Put on a saucepan of water, at least 5cm deep, and bring it to the boil. DO NOT ADD VINEGAR. Once it’s boiling, turn the heat down so that it is still being kept hot, but the physical rolling of bubbles has stopped. If you’re at sea-level this should mean the water is at about 99 degrees; deduct a few if you’re at higher altitude.
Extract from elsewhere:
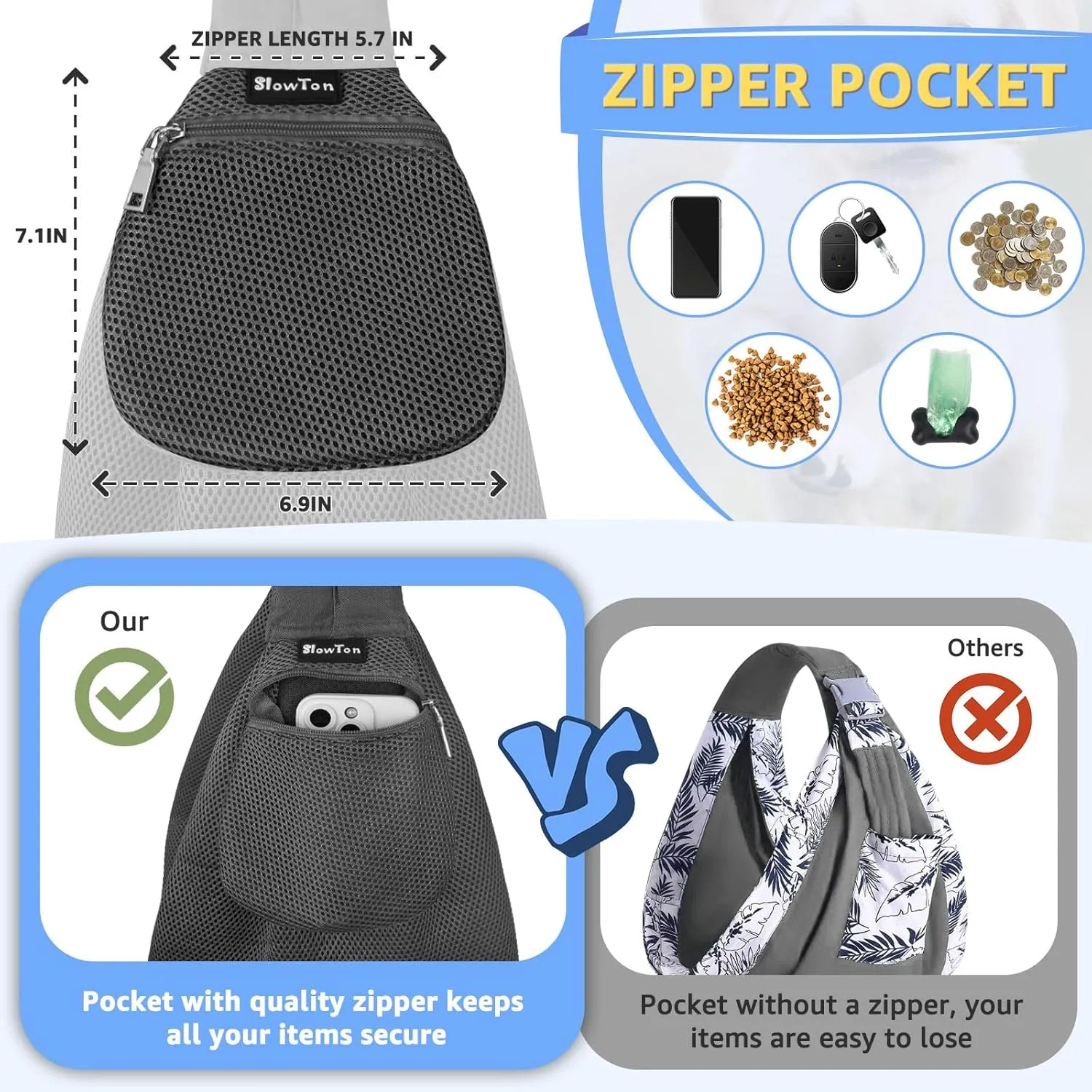 SlowTon Dog Carrier Sling - Thick Padded Shoulder Strap Adjustable Dog Carriers for Small Dogs, Puppy Carrier Purse for Pet Cat with Front Zipper Pocket Safety Belt Machine Washable (Grey Mesh M)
Crack an egg into a teacup with a handle. Now, here’s the crux. You want to slip the egg as gently as possible into the water. You want the leading edge of the egg to start to solidify as the egg goes in, and minimise the disturbance so that the very thin bag that is forming stays intact. I usually put the teacup into the water and very slowly pour the egg out. The key is to minimise the drop out of the cup, like slipping yourself into a dangerously hot bath. Turn the heat way down and put a lid on.
Put the toast on.
Get a slotted spoon.
After about a minute or so, give your egg a gentle poke with the spoon. As it cooks, the egg will wobble less and less. Poke it a few times to get a feel for how the cooking is progressing. As a rule of thumb it takes almost exactly the same length of time as cooking a piece of toast, but there are obviously some variables in there. Once it’s done, it should feel fairly firm, but with an obvious soft spot in the middle.
Use proper butter on your toast, serve the egg with the slotted spoon, add lots of salt and pepper. Saturday breakfast is go.
If you’re feeling super-fancy, why not add some delicious kale? We went through a month last year where about five days a week we were eating steamed kale on toast, with a poached egg, good balsamic vinegar, olive oil, salt and pepper. I could literally eat that every day.